On September 8, 1847, in the costly Battle of Molino del Rey, U.S. forces had managed to drive the Mexicans from their positions near the base of Chapultepec Castle guarding Mexico City from the west, but Army engineers were still interested in the southern causeways to the city. General Scott held a council of war with his generals and engineers on September 11.  Scott was in favor of attacking Chapultepec, and only General David E. Twiggs agreed. Most of Scott's officers favored the attack through the southern gates, including Captain Robert E. Lee. A young lieutenant, P. G. T. Beauregard, gave a speech that persuaded General Franklin Pierce to change his vote in favor of the western attack. Given that Mexican forces defended fortified positions tenaciously and had inflicted severe casualties on U.S. forces at Molino del Rey and Cerro Gordo, the decision to attack Chapultepec was not taken lightly.

Battle

General Lopez de Santa Anna was in command of the army at Mexico City, and understood that Chapultepec Castle was an important position for the defense of the city. The castle sat atop a 200-ft-tall hill, which was used as the Mexican Military Academy. Although Santa Anna's total forces defending Mexico City were larger than Scott's, he had to defend multiple positions, since he did not know from where the attack would come. He did not have enough troops to effectively defend both the southern causeways into Mexico City and Chapultepec Castle, at a distance from the capital. At Chapultepec, General Nicolás Bravo had fewer than 1,000 men (832 total including 250 from the 10th Infantry, 115 from the Querétaro Battalion, 277 from the Mina Battalion, 211 from the Union Battalion, 27 from the Toluca Battalion and 42 from the Patria Battalion) and only seven guns (Gen. Manuel Gamboa with two 24-lb, one 8-lb, three 4-lb. and one howitzer) to hold the hill. These forces also included about 200 cadets, some as young as 13 years old. Also defending the castle was the Batallón de San Blas under the command of Lieutenant Colonel Felipe Xicoténcatl, a hero of the battle, along with six cadets who died defending the castle.  Thinking that the attack would come from the south, Santa Anna devoted preparation time and troops there, both before and during the bombardment. He did not realize his mistake until the U.S. troops were actually on the hill, but that was too late.

Chapultepec Castle was not built as a fortress but as a luxury residence, later converted to the military academy. It was obviously strategically positioned, but its stone walls were vulnerable to cannon fire. U.S. forces used its heavy artillery to bombard the castle before the infantry attack. The Mexican forces had attempted to fortify the defenses by digging shallow trenches and placing sandbags. During the artillery bombardment,  the defenders had nowhere to shelter and they had no way to defend against this attack from a distance. Destruction of the walls, sandbags, and other defenses was demoralizing for many defenders, and some began abandoning their positions. Only when the bombardment went on all day did Santa Anna realize the main attack was to be on Chapultepec. If he sent forces there, they would be exposed to U.S. fire in the flat land below the hill, and they could not reach the hill to help the defenders there during the bombardment. Santa Anna consulted with Nicolás Bravo, confessing to him that many of his demoralized troops were also likely to melt away if sent into a situation that would have high casualties.

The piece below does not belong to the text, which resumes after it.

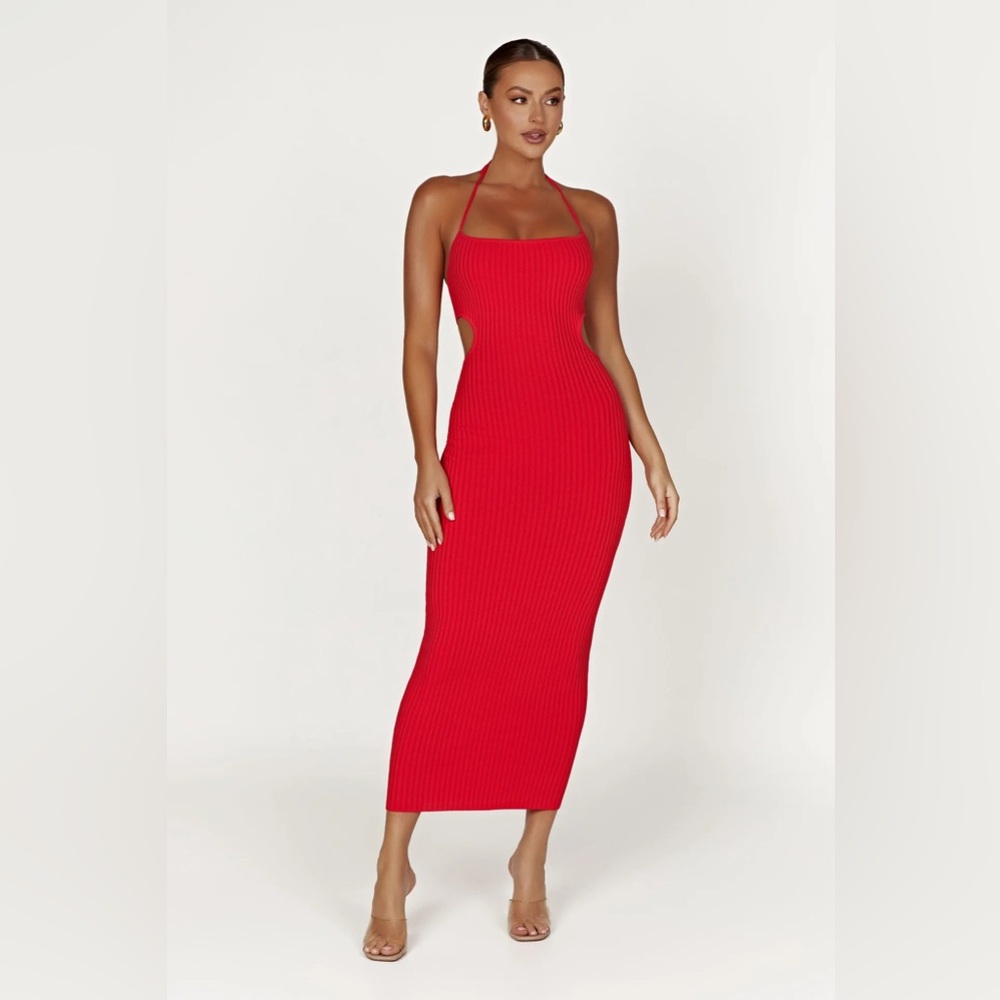 Meshki Red Ribbed Halter Midi Dress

Scott organized two storming parties of about 250 men each, including 40 Marines. The first party consisted of Captain Samuel Mackenzie's 256 men from Gideon Pillow's division, who would advance from the Molino east up the hill. The second storming party consisted of Captain Silas Casey's men from John A. Quitman's division, advancing along the Tacubaya Road, but Casey was replaced by Major Levi Twiggs. Only Twiggs' division and Bennett Riley's brigade were left on the American right flank.

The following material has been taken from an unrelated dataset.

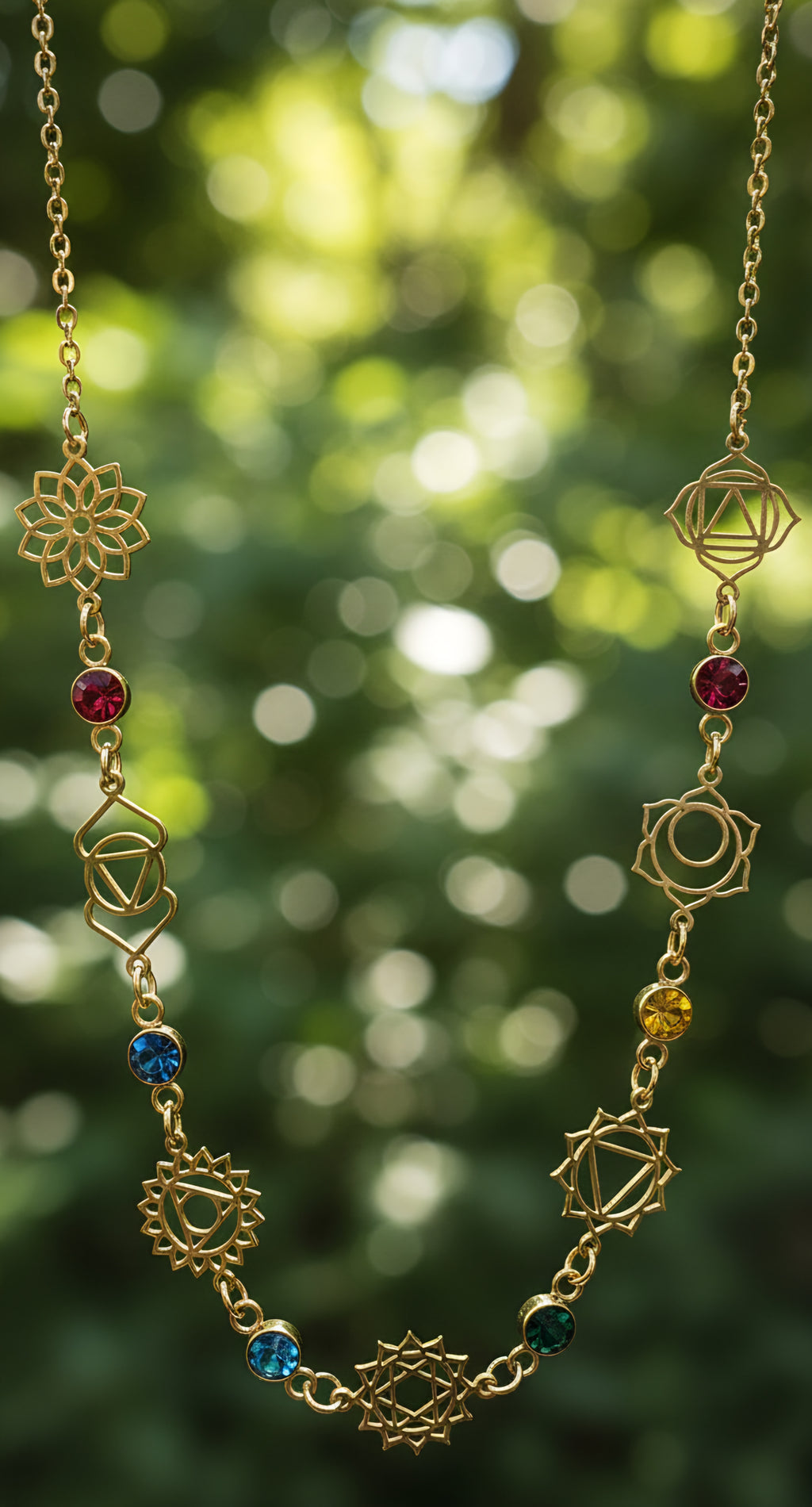 Collier 7 Chakras - Pierres Naturelles et Symboles Sacrés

The U.S. forces began an artillery barrage against Chapultepec at dawn on September 12. It was halted at dark and resumed at first light on September 13. At 8:00 am, the bombardment was halted and General Scott ordered the infantry attack. Three assault columns formed. On the left were the 11th and 14th Infantry under Colonel William Trousdale moving east along the Anzures aqueduct, in the center were four companies of the Voltigeur regiment under Colonel Timothy Patrick Andrews along with the 9th under Colonel Truman Bishop Ransom and the 15th Infantry all moving through the swamp and western edge of the grove, and on the right were the remaining four Voltigeur companies under Lieutenant Colonel Joseph E. Johnston.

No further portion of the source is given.